Publié le Mercredi 15 décembre 2021 à 12h00.

Je ne veux pas être maman, d’Irène Olmo

Scénario et dessin d’Irene Olmo, traduction de Léa Jaillard. Edition Bang 110 pages, 15 euros.

Ancienne élève des Beaux-Arts de Séville et Valence, Irene Olmo est illustratrice pour de nombreuses maisons d’édition et des périodiques espagnols. Elle participe aussi à des fanzines et, en 2019, à quarante ans, elle a décidé de se lancer dans la BD en publiant un récit autobiographique, No quiero ser mama, qui a rencontré un large écho en Espagne dans les milieux féministes et bien au-delà. C’est ce récit qui est aujourd’hui publié en français par les éditions Bang de Barcelone.

« La maternité est un choix qui trouve un sens au sein d’un projet de vie déterminé. Il ne peut jamais être un projet de vie en soi » : Irene ne veut pas d’enfant et l’assume pleinement en luttant contre la pression sociale. Ce roman graphique espagnol questionne la « normalité » imposée de manière consciente ou non par la société et la tradition, pas seulement chrétienne, aux femmes.
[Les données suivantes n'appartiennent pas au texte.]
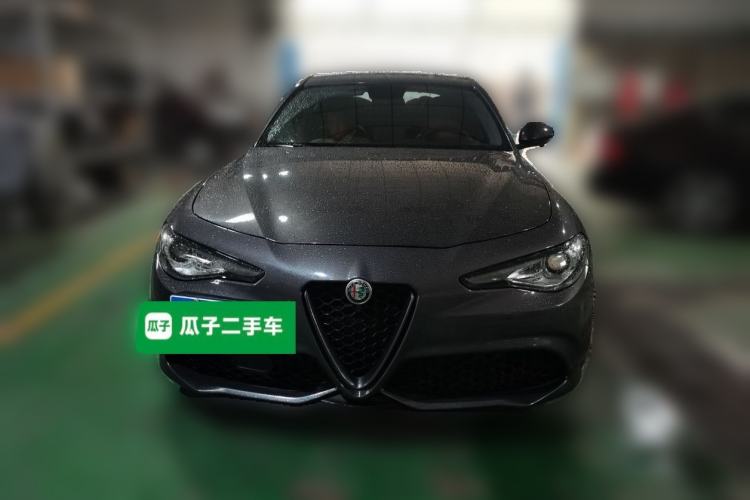 Used Alfa Romeo Giulia 2017 2.0T 200HP Elite Edition Front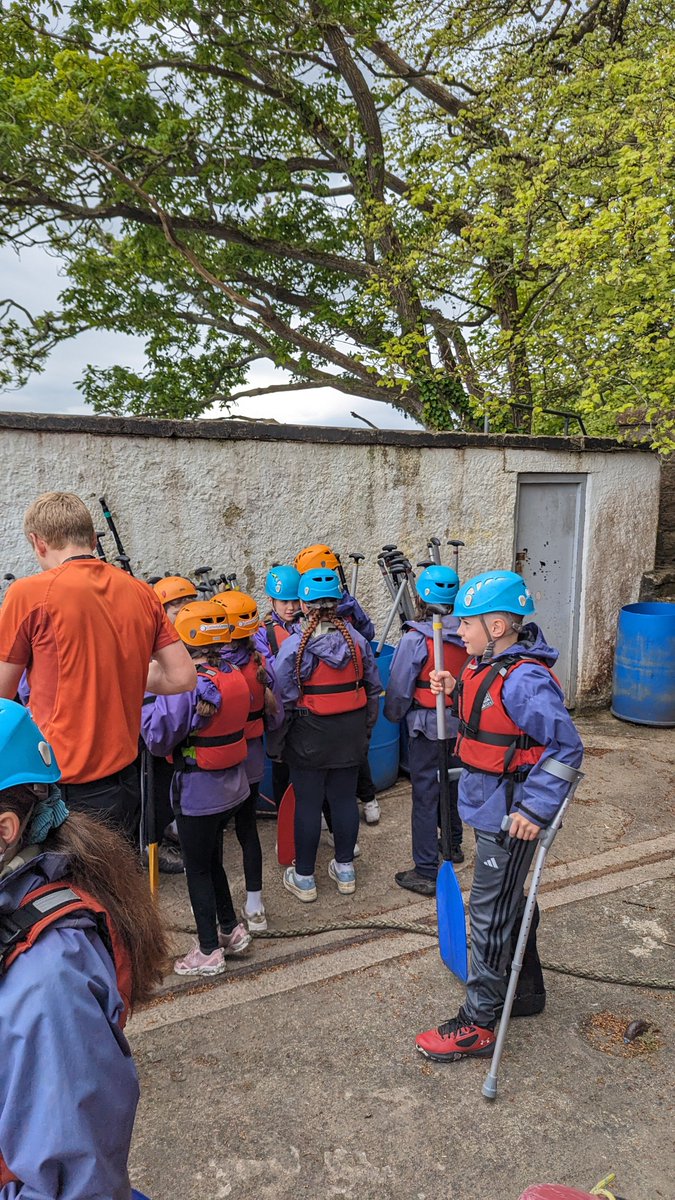 Signal is very weak here so we're trying to upload phots. Were all ready for a day at sea ⛵🌊 <a href="/ComberbachMrDN/">David Newton</a>  @ComberbachMrsY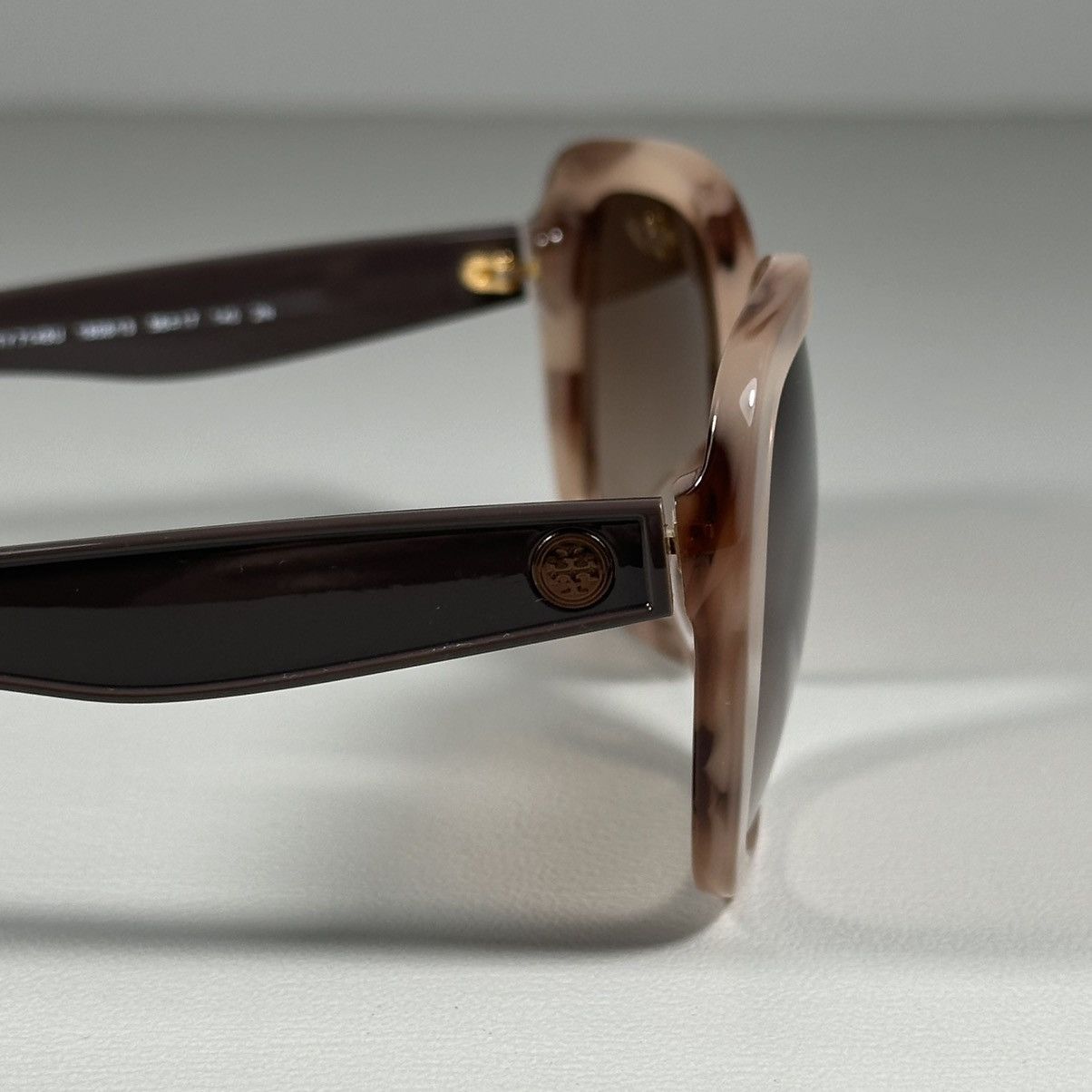 Tory Burch Tory Burch TY7149U Milky Brown Tortoise Butterfly Sunglasses Size ONE SIZE - 3 Thumbnail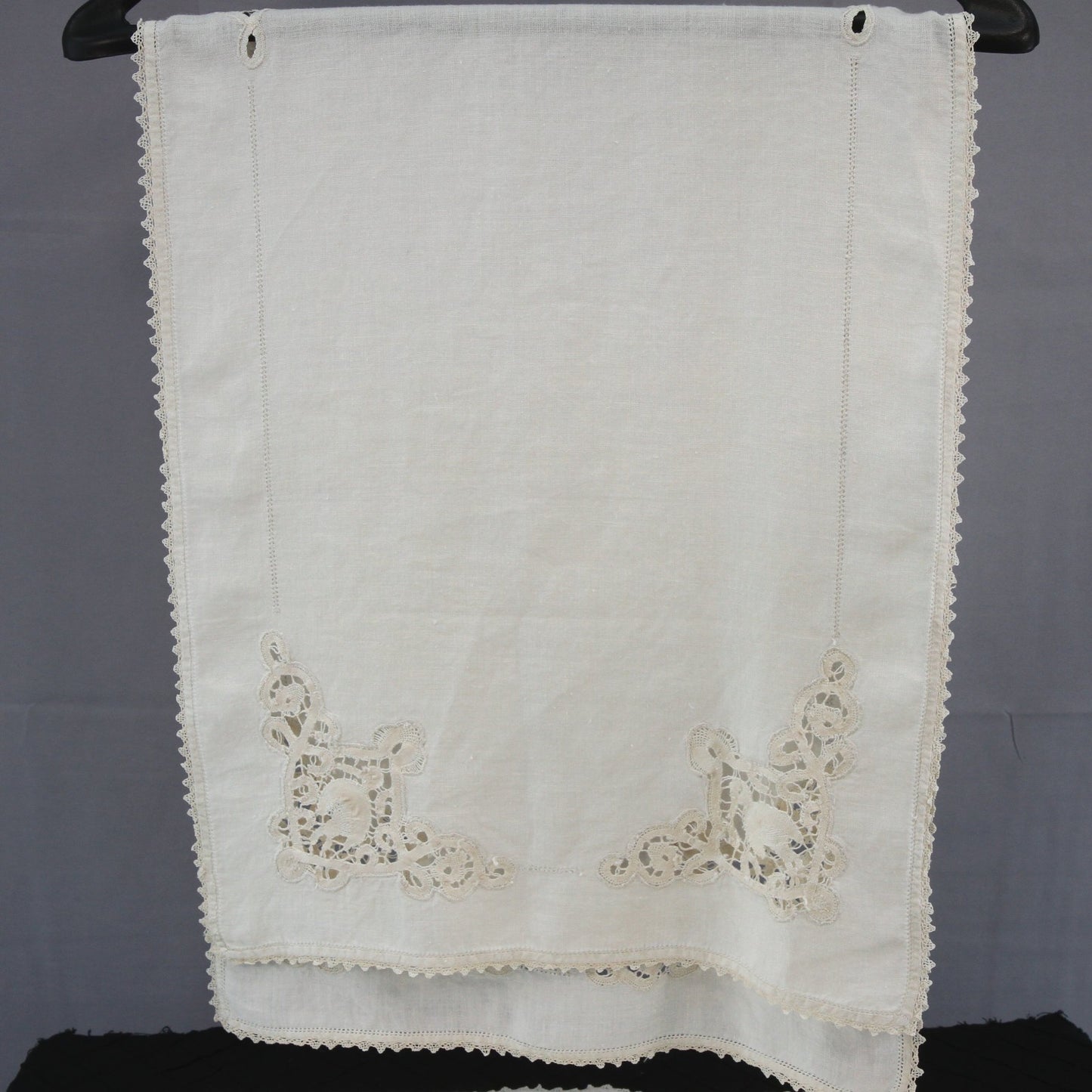 Set Vintage Table Linens-  1 Table Runner- 7 Placemats Battenburg Lace Insets
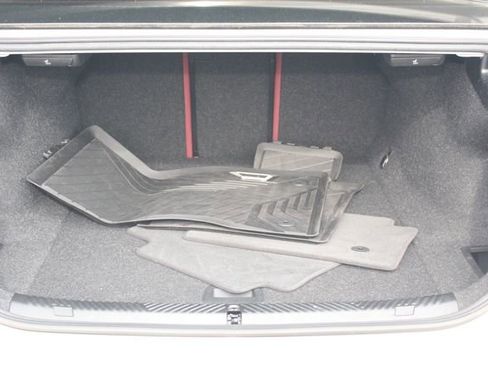 Used 2025 BMW i5 xDrive40 w/ Premium Package image 7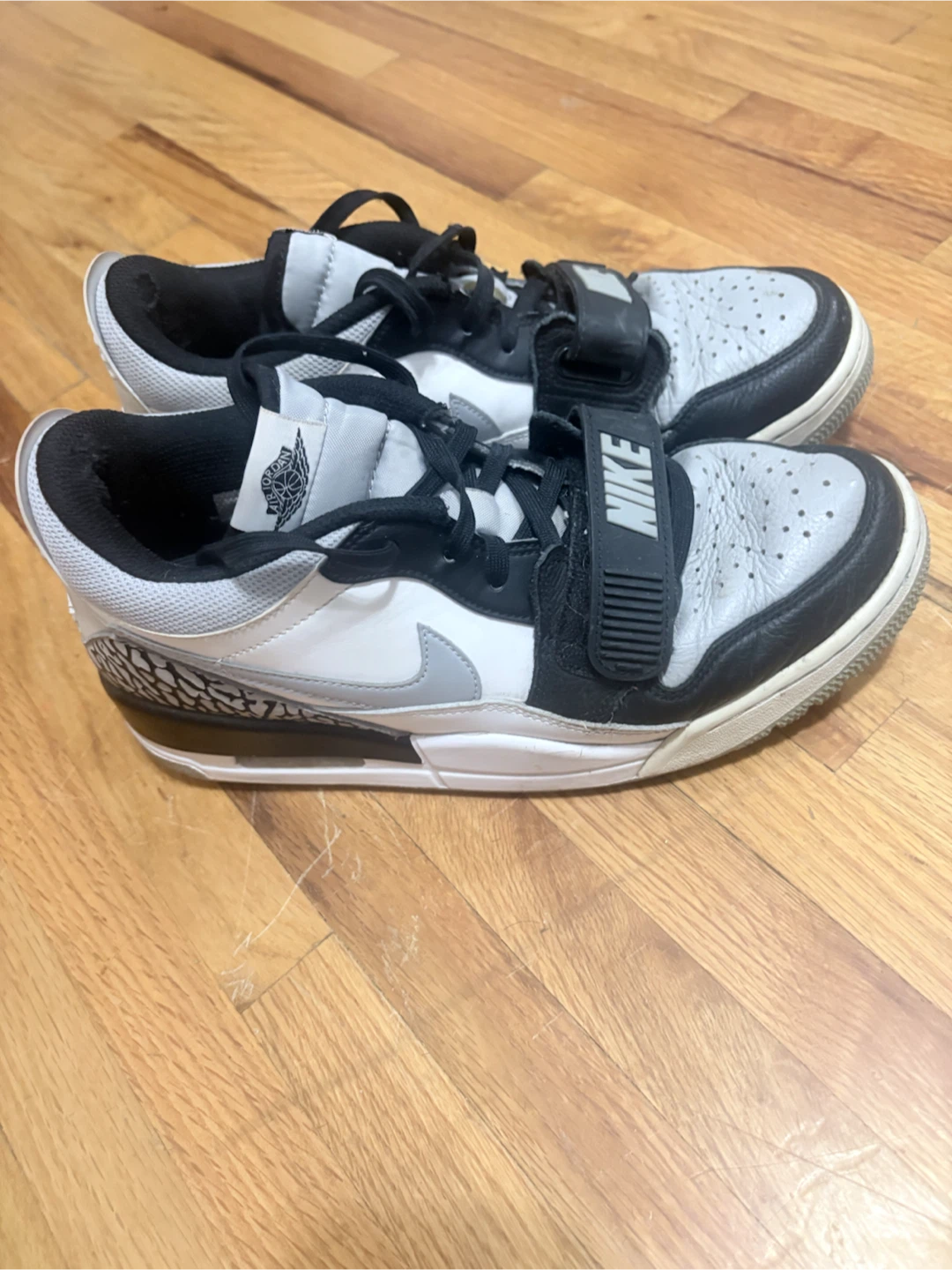 Nike Jordan Legacy 312 Low White/Black - photo 2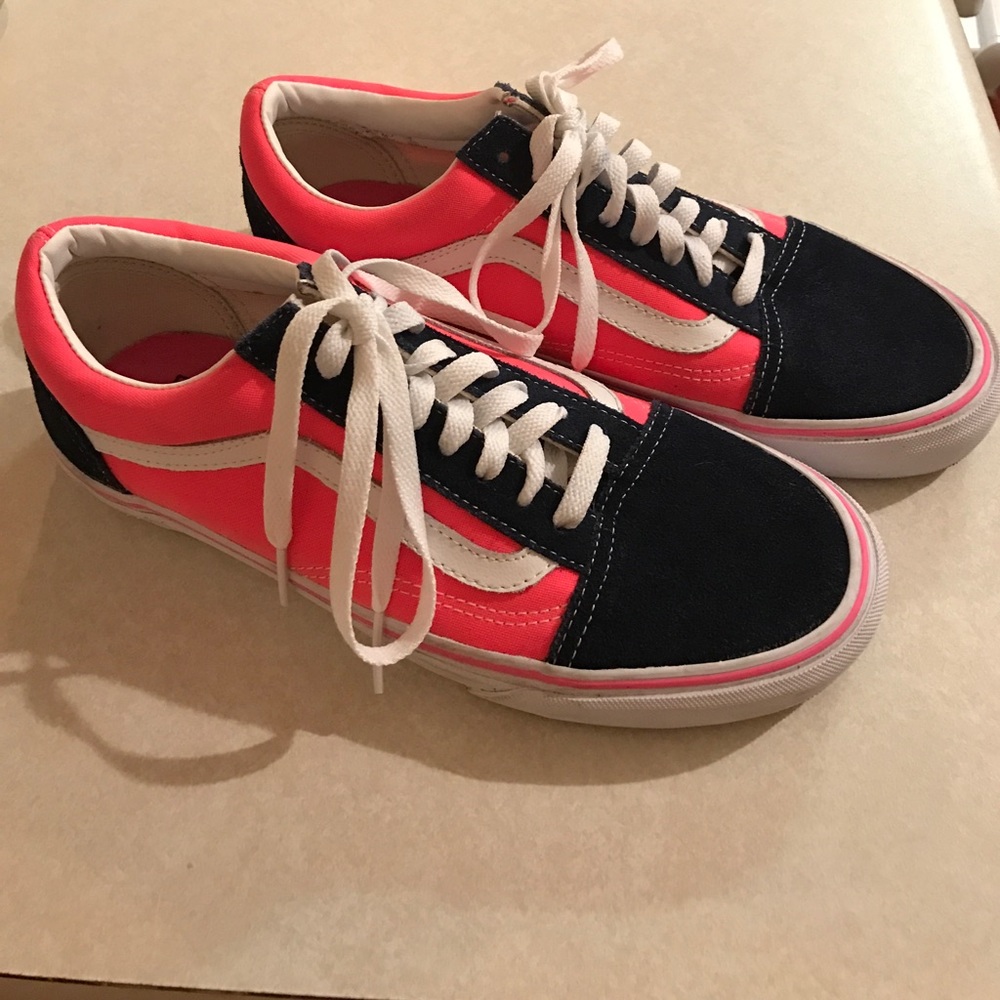 Super cute VANS!!! 💗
Un lent cheminement pour apprendre la tolérance, le respect de l’autre et de ses décisions.

Un récit autobiographique

Irene est une petite fille comme les autres. Elle joue à la poupée avec ses sœurs et ses copines, elles se taquinent et veulent des douzaines d’enfants. Un jour, elle va même jusqu’à se grimer avec un gros ventre et des accessoires divers. Mais plus le temps passe, plus Irene grandit et plus elle se pose des questions. Au collège, il se raconte dans la cour que plusieurs filles sont tombées enceintes. Irene pense qu’elles devraient affronter les conséquences de leurs actes. Mais quand c’est sa meilleure amie qui tombe enceinte et qu’un débat sur l’avortement est organisée en classe, elle se propose pour l’animer. Son professeur l’incite à se mettre dans la peau de son amie pour comprendre les problèmes qu’elle rencontrerait si elle-même avait un fils ou une fille. Irene commence alors à dépasser les préjugés de la société patriarcale et à défendre l’avortement.

Puis les années filent, ses amiEs deviennent parents, tous ne parlent plus que de leurs gamins. Elle se sent rejetée. Elle n’est pas mère, elle n’est pas une « vraie femme accomplie ». Sa famille la pousse, celle de son ami aussi, des petites phrases assassines lui sont dites naturellement qui font très mal : « Rho, tu vas bien changer d’avis », « Les enfants ça donne un VRAI sens à ta vie »...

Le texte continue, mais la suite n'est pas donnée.